Abstract

Recombinant tissue-type plasminogen activator (rt-PA), produced by expression of the genomic t-PA DNA from the JMI-229 cell line, which is of rat origin, in the host cell line, was purified to homogeneity. JMI-229 rt-PA was obtained essentially as a single chain molecule which was quantitatively converted to a two-chain moiety by treatment with plasmin.

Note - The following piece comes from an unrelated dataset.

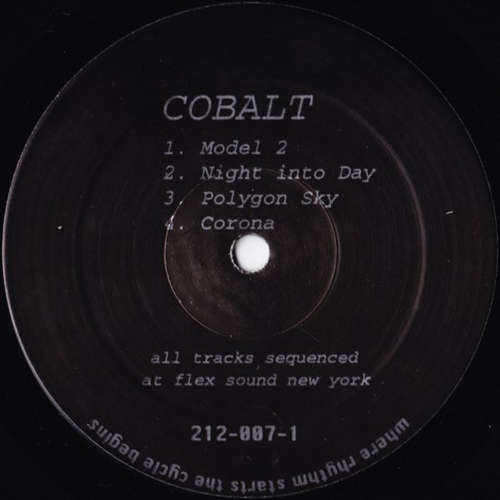 Cover Cobalt (2) - Model 2 (12) Schallplatten Ankauf
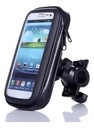 Porta Celular Gps Con Soporte Moto Bicicleta Impermeable Rpm Negro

The plasminogen activating potential of single chain JMI-229 rt-PA was 5-fold lower than that of commercially available human rt-PA (Actilyse) in the absence of fibrin, but comparable in the presence of fibrin; it showed a concentration-dependent binding to fibrin, with a significantly more pronounced binding than Actilyse at low fibrin concentration (85 +/- 8% versus 20 +/- 7% at 0.025 mg/ml fibrin; p = 0.004). In human plasma in the absence of fibrin, the concentrations of both single chain and two-chain JMI-229 rt-PA required to induce 50% fibrinogen degradation in 2 h, were about 15-fold higher than those of Actilyse. Both single chain and two-chain forms of JMI-229 rt-PA and of Actilyse induced a similar time- and concentration-dependent lysis of a 125I-fibrin-labeled plasma clot immersed in human plasma, in the absence of significant systemic fibrinolytic activation. Equally effective concentrations (causing 50% clot lysis in 2 h) were 0.11 or 0.10 micrograms/ml for single chain or two-chain JMI-229 rt-PA, as compared to 0.11 or 0.15 micrograms/ml for single chain or two-chain Actilyse.(ABSTRACT TRUNCATED AT 250 WORDS)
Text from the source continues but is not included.